Findings: CRITICAL: 1, IMPORTANT: 1, SUGGESTION: 3.

The shared calibration loop is a clean consolidation and the experimental data backs the design. One blocker, one back-compat side effect, and a few smaller notes — all in the new megatron_calibration.py.

Highest-impact

  • CRITICAL Algorithm — padding-direction assumption (megatron_calibration.py:131-144). The per-row trim slices ids[b, :real_len] and the no-padding branch overwrites ids[:, -1], both of which assume right-padded sequences. But get_dataset_dataloader (the function this loop calls) explicitly recommends padding_side="left" and warns when it isn't (dataset_utils.py:593-596).
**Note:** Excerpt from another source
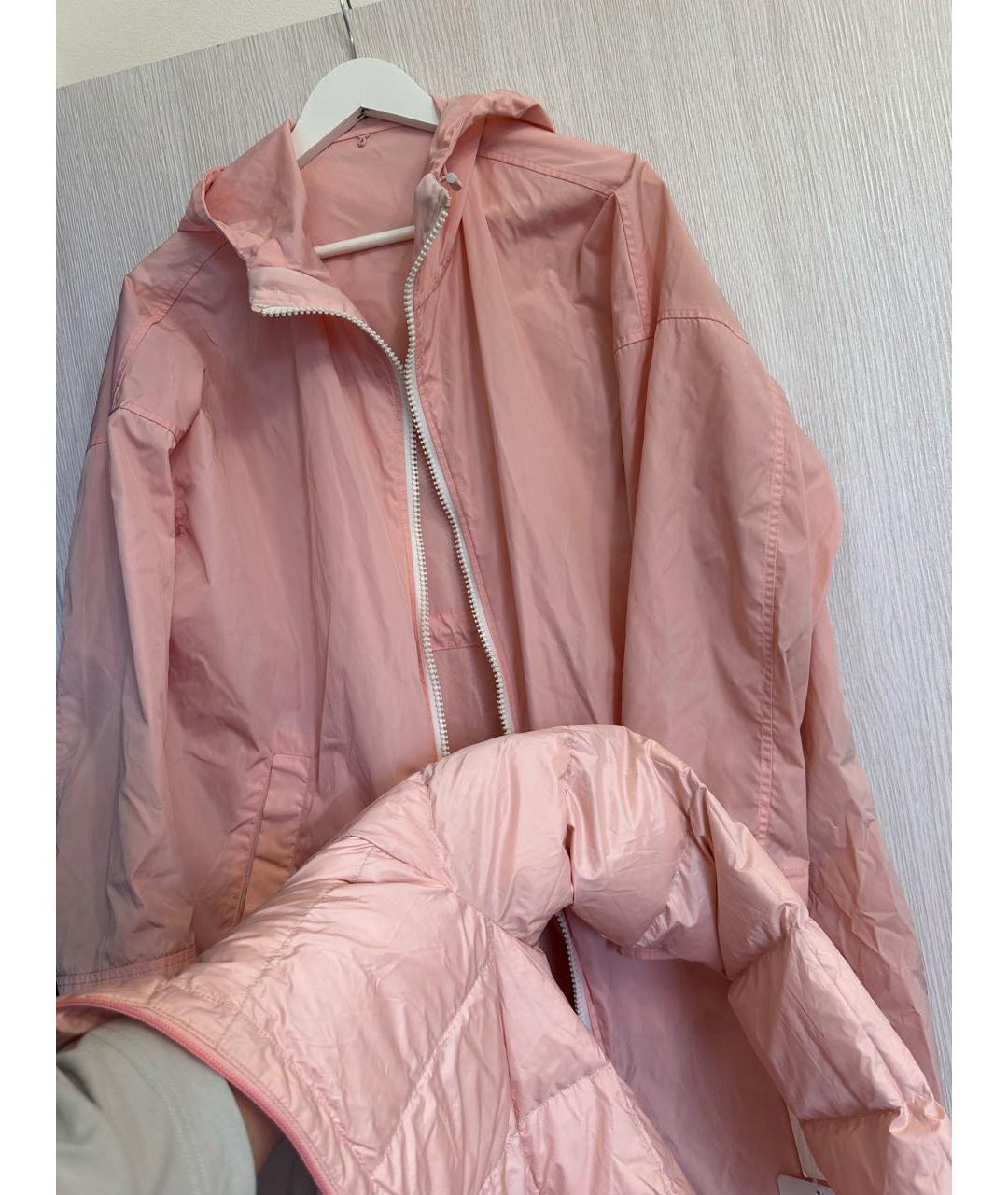 YVES SALOMON Розовый полиамидовый тренч/плащ, фото 3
With left-padding, the trim selects padding tokens instead of real tokens — re-introducing the exact contamination the PR is trying to eliminate. Your Qwen3-8B numbers move in the right direction because that tokenizer happens to default to right-padding, but a user who follows the dataloader's documented recommendation silently regresses. Capture padding_side once and branch the slice (ids[b, -real_len:] for left-padding); also worth a regression test row whose attention_mask has zeros to lock the behavior in.
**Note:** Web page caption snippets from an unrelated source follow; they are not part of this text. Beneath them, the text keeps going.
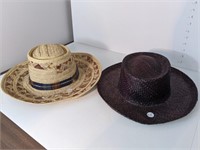 Lot de 2 chapeaux cowboy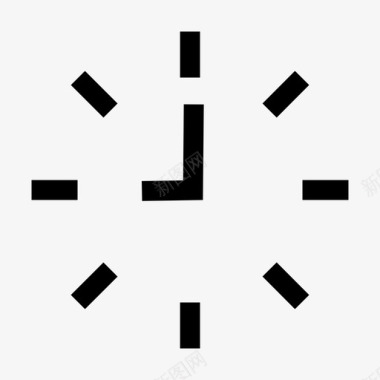 桃心时钟时钟警报小时图标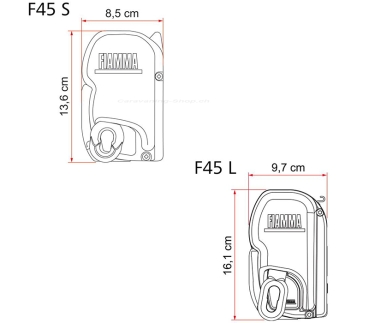 Preview: Fiammastore F45 S 260, VW T5/T6 California, Titanium, Royal Grey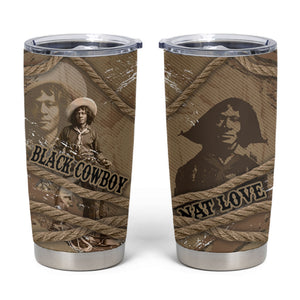 Black Cowboy Nat Love Tumbler Cup Vintage Western Portrait Lasso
  • IMPORTANT Compatibility — caller-tokenizer mutation (megatron_calibration.py:87-88). Setting tokenizer.pad_token = tokenizer.eos_token mutates the caller's tokenizer object before the dataloader's deepcopy. The unwrapped tokenizer in prune_minitron.py is reused downstream (MMLU eval, export). Tokenizers whose pad_token was None will silently start emitting EOS as their pad token in every later code path that touches them. Local-copy the tokenizer before the mutation, or set the field on the dataloader-internal deepcopy only.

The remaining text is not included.